(What to work on)
Each record below needs to be written out exactly as it reads.

(Data extract)

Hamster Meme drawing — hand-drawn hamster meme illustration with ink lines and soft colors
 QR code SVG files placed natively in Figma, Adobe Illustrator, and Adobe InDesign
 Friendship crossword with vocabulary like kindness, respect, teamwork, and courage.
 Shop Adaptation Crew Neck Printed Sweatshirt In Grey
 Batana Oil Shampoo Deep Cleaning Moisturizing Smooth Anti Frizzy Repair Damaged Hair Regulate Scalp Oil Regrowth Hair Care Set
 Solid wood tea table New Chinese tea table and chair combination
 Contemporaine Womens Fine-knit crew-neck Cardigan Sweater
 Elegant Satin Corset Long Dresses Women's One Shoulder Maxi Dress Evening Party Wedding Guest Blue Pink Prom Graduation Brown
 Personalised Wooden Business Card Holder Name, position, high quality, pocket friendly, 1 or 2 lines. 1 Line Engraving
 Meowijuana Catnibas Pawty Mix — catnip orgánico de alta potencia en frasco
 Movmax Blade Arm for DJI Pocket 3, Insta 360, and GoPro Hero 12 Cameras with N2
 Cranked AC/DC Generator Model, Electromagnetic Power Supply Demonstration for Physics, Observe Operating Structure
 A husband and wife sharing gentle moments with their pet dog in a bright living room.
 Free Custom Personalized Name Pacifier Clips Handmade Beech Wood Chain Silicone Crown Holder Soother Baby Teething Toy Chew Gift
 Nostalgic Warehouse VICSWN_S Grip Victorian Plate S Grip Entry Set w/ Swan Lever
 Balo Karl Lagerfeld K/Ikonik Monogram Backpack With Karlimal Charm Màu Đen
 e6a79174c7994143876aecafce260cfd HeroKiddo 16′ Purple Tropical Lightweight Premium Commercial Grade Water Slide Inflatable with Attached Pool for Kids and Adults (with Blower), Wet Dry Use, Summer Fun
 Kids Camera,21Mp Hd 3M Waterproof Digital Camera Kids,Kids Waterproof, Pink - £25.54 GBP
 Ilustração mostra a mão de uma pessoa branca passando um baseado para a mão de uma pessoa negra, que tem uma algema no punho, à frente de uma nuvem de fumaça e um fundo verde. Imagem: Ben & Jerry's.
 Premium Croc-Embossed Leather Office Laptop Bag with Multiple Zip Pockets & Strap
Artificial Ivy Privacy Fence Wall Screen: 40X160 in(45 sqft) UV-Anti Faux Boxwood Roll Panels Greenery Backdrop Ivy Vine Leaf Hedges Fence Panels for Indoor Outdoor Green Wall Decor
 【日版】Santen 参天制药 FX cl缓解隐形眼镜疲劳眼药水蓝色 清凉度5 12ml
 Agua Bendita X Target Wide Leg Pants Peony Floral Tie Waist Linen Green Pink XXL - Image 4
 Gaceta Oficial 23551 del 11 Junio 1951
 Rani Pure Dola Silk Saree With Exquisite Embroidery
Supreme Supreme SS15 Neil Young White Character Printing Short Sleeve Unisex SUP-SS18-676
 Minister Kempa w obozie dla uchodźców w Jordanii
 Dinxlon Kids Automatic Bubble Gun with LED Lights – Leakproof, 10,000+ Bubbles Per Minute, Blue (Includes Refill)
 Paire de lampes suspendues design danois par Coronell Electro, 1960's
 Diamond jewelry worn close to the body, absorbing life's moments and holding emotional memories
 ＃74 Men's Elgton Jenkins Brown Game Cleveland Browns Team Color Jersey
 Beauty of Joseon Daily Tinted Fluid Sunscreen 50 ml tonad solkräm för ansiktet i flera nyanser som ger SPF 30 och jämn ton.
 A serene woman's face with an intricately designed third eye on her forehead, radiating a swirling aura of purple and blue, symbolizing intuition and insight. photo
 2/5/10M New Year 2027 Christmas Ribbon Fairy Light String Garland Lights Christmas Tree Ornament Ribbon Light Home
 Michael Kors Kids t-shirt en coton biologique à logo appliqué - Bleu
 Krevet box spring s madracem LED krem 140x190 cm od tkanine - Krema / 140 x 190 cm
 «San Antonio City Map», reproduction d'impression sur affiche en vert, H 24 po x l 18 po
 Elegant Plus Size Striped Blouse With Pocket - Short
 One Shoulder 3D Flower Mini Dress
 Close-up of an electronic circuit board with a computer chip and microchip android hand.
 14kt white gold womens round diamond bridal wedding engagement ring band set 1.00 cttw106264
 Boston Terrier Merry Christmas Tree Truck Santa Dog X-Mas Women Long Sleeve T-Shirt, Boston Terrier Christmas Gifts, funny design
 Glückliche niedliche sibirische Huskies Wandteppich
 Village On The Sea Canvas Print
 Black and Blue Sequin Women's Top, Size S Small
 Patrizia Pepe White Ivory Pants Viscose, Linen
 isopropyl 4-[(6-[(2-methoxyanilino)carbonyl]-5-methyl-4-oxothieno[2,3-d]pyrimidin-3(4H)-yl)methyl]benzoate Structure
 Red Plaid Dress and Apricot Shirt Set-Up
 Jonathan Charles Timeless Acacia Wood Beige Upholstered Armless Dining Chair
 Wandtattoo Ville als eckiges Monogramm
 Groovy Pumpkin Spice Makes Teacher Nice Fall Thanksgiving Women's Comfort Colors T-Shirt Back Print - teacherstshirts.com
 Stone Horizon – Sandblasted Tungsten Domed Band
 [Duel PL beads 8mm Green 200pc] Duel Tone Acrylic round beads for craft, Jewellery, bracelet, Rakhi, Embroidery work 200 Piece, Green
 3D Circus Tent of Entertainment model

(Solution to the exercise)
Hamster Meme drawing — hand-drawn hamster meme illustration with ink lines and soft colors
 QR code SVG files placed natively in Figma, Adobe Illustrator, and Adobe InDesign
 Friendship crossword with vocabulary like kindness, respect, teamwork, and courage.
 Shop Adaptation Crew Neck Printed Sweatshirt In Grey
 Batana Oil Shampoo Deep Cleaning Moisturizing Smooth Anti Frizzy Repair Damaged Hair Regulate Scalp Oil Regrowth Hair Care Set
 Solid wood tea table New Chinese tea table and chair combination
 Contemporaine Womens Fine-knit crew-neck Cardigan Sweater
 Elegant Satin Corset Long Dresses Women's One Shoulder Maxi Dress Evening Party Wedding Guest Blue Pink Prom Graduation Brown
 Personalised Wooden Business Card Holder Name, position, high quality, pocket friendly, 1 or 2 lines. 1 Line Engraving
 Meowijuana Catnibas Pawty Mix — catnip orgánico de alta potencia en frasco
 Movmax Blade Arm for DJI Pocket 3, Insta 360, and GoPro Hero 12 Cameras with N2
 Cranked AC/DC Generator Model, Electromagnetic Power Supply Demonstration for Physics, Observe Operating Structure
 A husband and wife sharing gentle moments with their pet dog in a bright living room.
 Free Custom Personalized Name Pacifier Clips Handmade Beech Wood Chain Silicone Crown Holder Soother Baby Teething Toy Chew Gift
 Nostalgic Warehouse VICSWN_S Grip Victorian Plate S Grip Entry Set w/ Swan Lever
 Balo Karl Lagerfeld K/Ikonik Monogram Backpack With Karlimal Charm Màu Đen
 e6a79174c7994143876aecafce260cfd HeroKiddo 16′ Purple Tropical Lightweight Premium Commercial Grade Water Slide Inflatable with Attached Pool for Kids and Adults (with Blower), Wet Dry Use, Summer Fun
 Kids Camera,21Mp Hd 3M Waterproof Digital Camera Kids,Kids Waterproof, Pink - £25.54 GBP
 Ilustração mostra a mão de uma pessoa branca passando um baseado para a mão de uma pessoa negra, que tem uma algema no punho, à frente de uma nuvem de fumaça e um fundo verde. Imagem: Ben & Jerry's.
 Premium Croc-Embossed Leather Office Laptop Bag with Multiple Zip Pockets & Strap
Artificial Ivy Privacy Fence Wall Screen: 40X160 in(45 sqft) UV-Anti Faux Boxwood Roll Panels Greenery Backdrop Ivy Vine Leaf Hedges Fence Panels for Indoor Outdoor Green Wall Decor
 【日版】Santen 参天制药 FX cl缓解隐形眼镜疲劳眼药水蓝色 清凉度5 12ml
 Agua Bendita X Target Wide Leg Pants Peony Floral Tie Waist Linen Green Pink XXL - Image 4
 Gaceta Oficial 23551 del 11 Junio 1951
 Rani Pure Dola Silk Saree With Exquisite Embroidery
Supreme Supreme SS15 Neil Young White Character Printing Short Sleeve Unisex SUP-SS18-676
 Minister Kempa w obozie dla uchodźców w Jordanii
 Dinxlon Kids Automatic Bubble Gun with LED Lights – Leakproof, 10,000+ Bubbles Per Minute, Blue (Includes Refill)
 Paire de lampes suspendues design danois par Coronell Electro, 1960's
 Diamond jewelry worn close to the body, absorbing life's moments and holding emotional memories
 ＃74 Men's Elgton Jenkins Brown Game Cleveland Browns Team Color Jersey
 Beauty of Joseon Daily Tinted Fluid Sunscreen 50 ml tonad solkräm för ansiktet i flera nyanser som ger SPF 30 och jämn ton.
 A serene woman's face with an intricately designed third eye on her forehead, radiating a swirling aura of purple and blue, symbolizing intuition and insight. photo
 2/5/10M New Year 2027 Christmas Ribbon Fairy Light String Garland Lights Christmas Tree Ornament Ribbon Light Home
 Michael Kors Kids t-shirt en coton biologique à logo appliqué - Bleu
 Krevet box spring s madracem LED krem 140x190 cm od tkanine - Krema / 140 x 190 cm
 «San Antonio City Map», reproduction d'impression sur affiche en vert, H 24 po x l 18 po
 Elegant Plus Size Striped Blouse With Pocket - Short
 One Shoulder 3D Flower Mini Dress
 Close-up of an electronic circuit board with a computer chip and microchip android hand.
 14kt white gold womens round diamond bridal wedding engagement ring band set 1.00 cttw106264
 Boston Terrier Merry Christmas Tree Truck Santa Dog X-Mas Women Long Sleeve T-Shirt, Boston Terrier Christmas Gifts, funny design
 Glückliche niedliche sibirische Huskies Wandteppich
 Village On The Sea Canvas Print
 Black and Blue Sequin Women's Top, Size S Small
 Patrizia Pepe White Ivory Pants Viscose, Linen
 isopropyl 4-[(6-[(2-methoxyanilino)carbonyl]-5-methyl-4-oxothieno[2,3-d]pyrimidin-3(4H)-yl)methyl]benzoate Structure
 Red Plaid Dress and Apricot Shirt Set-Up
 Jonathan Charles Timeless Acacia Wood Beige Upholstered Armless Dining Chair
 Wandtattoo Ville als eckiges Monogramm
 Groovy Pumpkin Spice Makes Teacher Nice Fall Thanksgiving Women's Comfort Colors T-Shirt Back Print - teacherstshirts.com
 Stone Horizon – Sandblasted Tungsten Domed Band
 [Duel PL beads 8mm Green 200pc] Duel Tone Acrylic round beads for craft, Jewellery, bracelet, Rakhi, Embroidery work 200 Piece, Green
 3D Circus Tent of Entertainment model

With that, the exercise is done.